La provincia dell’Aquila custodisce un patrimonio artigianale di straordinaria ricchezza, espresso attraverso una rete diffusa di laboratori che continuano a mantenere vive tecniche, saperi e tradizioni tramandate nei secoli. In questi spazi, spesso a conduzione familiare, la manualità si intreccia con la creatività e con una profonda conoscenza dei materiali locali, dando vita a produzioni che spaziano dalla lavorazione del legno e del ferro battuto fino alla ceramica, ai tessuti e alla pelletteria. Ogni laboratorio rappresenta un piccolo mondo in cui il tempo sembra scorrere con ritmi diversi, più lenti e attenti, dove ogni oggetto viene realizzato con cura e precisione, seguendo metodi che affondano le radici nella cultura contadina e pastorale del territorio. Questa dimensione artigianale non è soltanto produzione, ma anche conservazione di identità, poiché ogni manufatto racconta una storia fatta di tradizioni locali, ingegno e adattamento alle risorse disponibili, trasformando la materia prima in espressioni autentiche della cultura aquilana.
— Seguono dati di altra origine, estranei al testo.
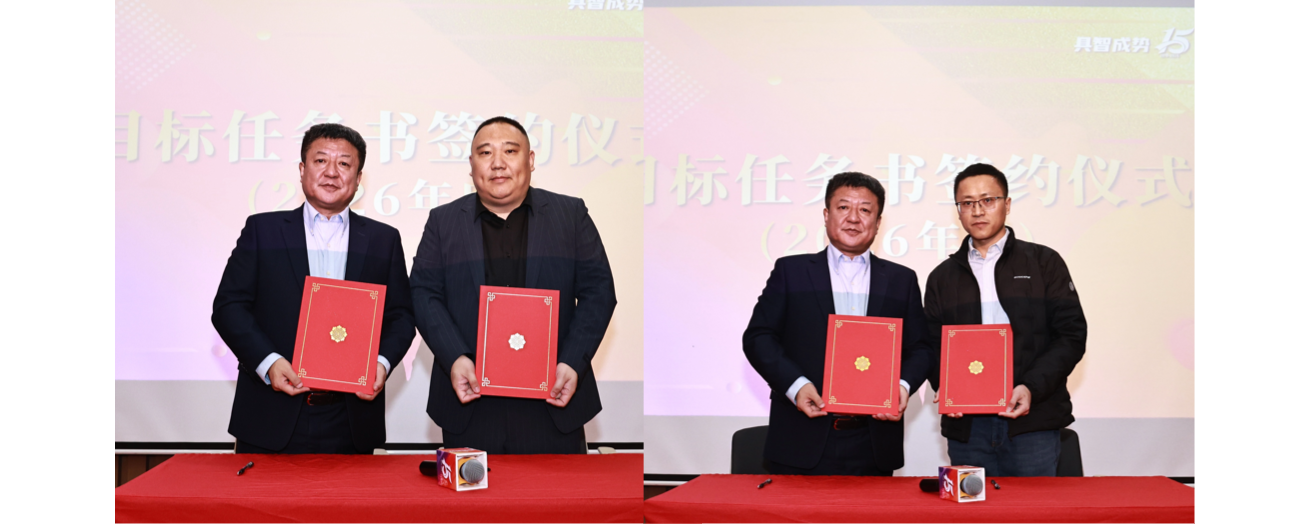 具智成势 骏领新程 | AG旗舰厅2025年度总结暨表彰大会精彩回顾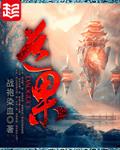 遮天之观想虚无道果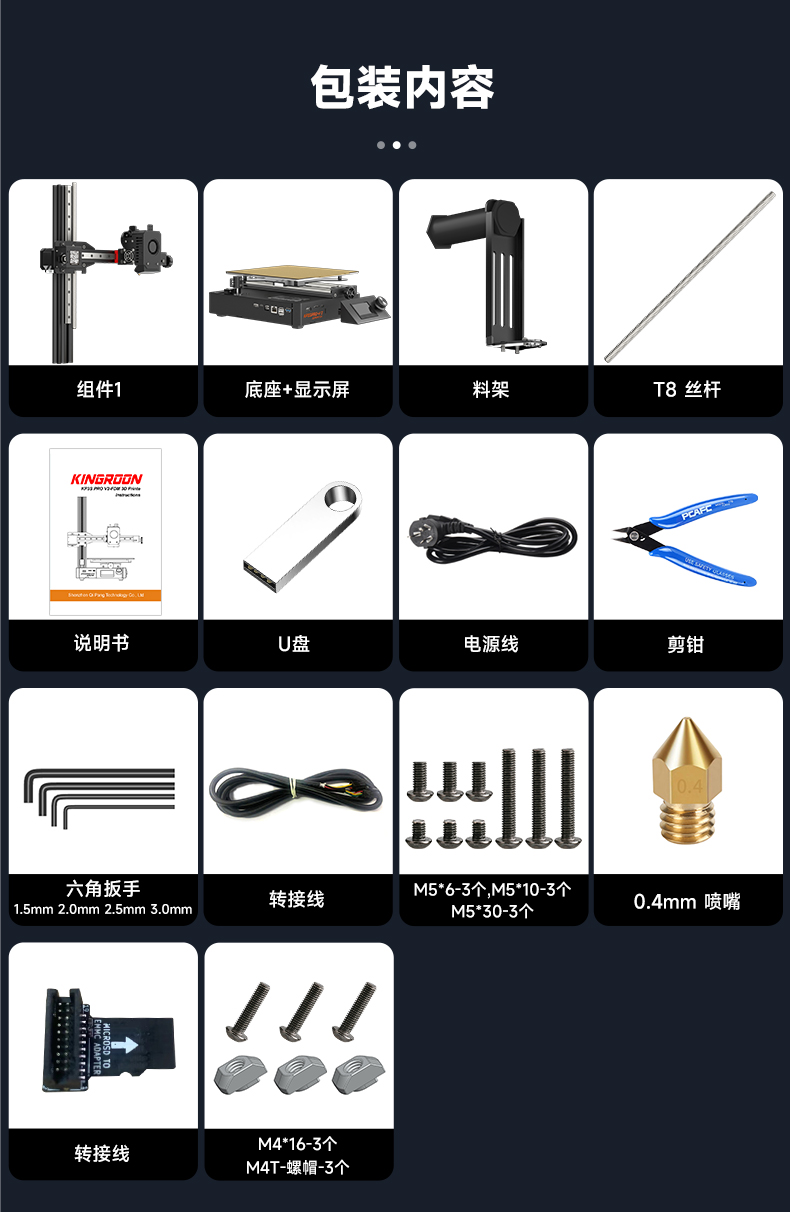 [视频] Kingroon KP3S Pro V2：Klipper悬臂快速3D打印机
Accanto alla dimensione tradizionale, i laboratori di artigianato della provincia dell’Aquila si stanno evolvendo anche in chiave contemporanea, integrando innovazione e design senza perdere il legame con le radici storiche. Molti artigiani collaborano oggi con artisti e progettisti per reinterpretare antiche tecniche in chiave moderna, creando prodotti che trovano spazio anche nei mercati nazionali e internazionali. Questo equilibrio tra passato e presente rende l’artigianato locale un settore vitale, capace di valorizzare il territorio e di offrire opportunità economiche sostenibili alle comunità. Inoltre, i laboratori diventano spesso luoghi di trasmissione del sapere, dove giovani apprendisti possono imparare direttamente dai maestri artigiani, garantendo così la continuità di competenze preziose. In questo modo, la provincia dell’Aquila non solo preserva un patrimonio culturale unico, ma lo rinnova continuamente, mantenendo viva una tradizione che rappresenta una delle espressioni più autentiche della sua identità.

L'artigianato locale nella Provincia dell’Aquila
L’artigianato nella Provincia dell’Aquila rappresenta una delle espressioni più autentiche dell’identità culturale locale, frutto di saperi antichi tramandati nel tempo e profondamente legati alle risorse del territorio e alla vita delle comunità montane. In quest’area dell’Abruzzo, la manualità si traduce in produzioni di grande valore, dove tradizione e creatività convivono dando vita a manufatti unici, realizzati secondo tecniche spesso rimaste immutate nei secoli. Tra le eccellenze spicca la lavorazione della ceramica, con centri di rilievo come Castelli, che ha influenzato anche le produzioni aquilane, accanto all’arte orafa e alla lavorazione dei metalli preziosi, particolarmente sviluppata nell’area di Scanno, famosa per i suoi gioielli tradizionali. Non meno importante è l’artigianato del legno, del ferro battuto e dei tessuti, che si esprime in oggetti di uso quotidiano e decorativo, spesso legati alle tradizioni pastorali e agricole. Questi mestieri, ancora oggi praticati in botteghe locali, rappresentano un patrimonio vivo che contribuisce a mantenere viva la memoria storica del territorio, offrendo al tempo stesso opportunità di sviluppo sostenibile e valorizzazione turistica. L’artigianato aquilano è quindi molto più di una produzione materiale: è un racconto fatto di gesti, passione e identità che continua a evolversi senza perdere il legame con le proprie radici.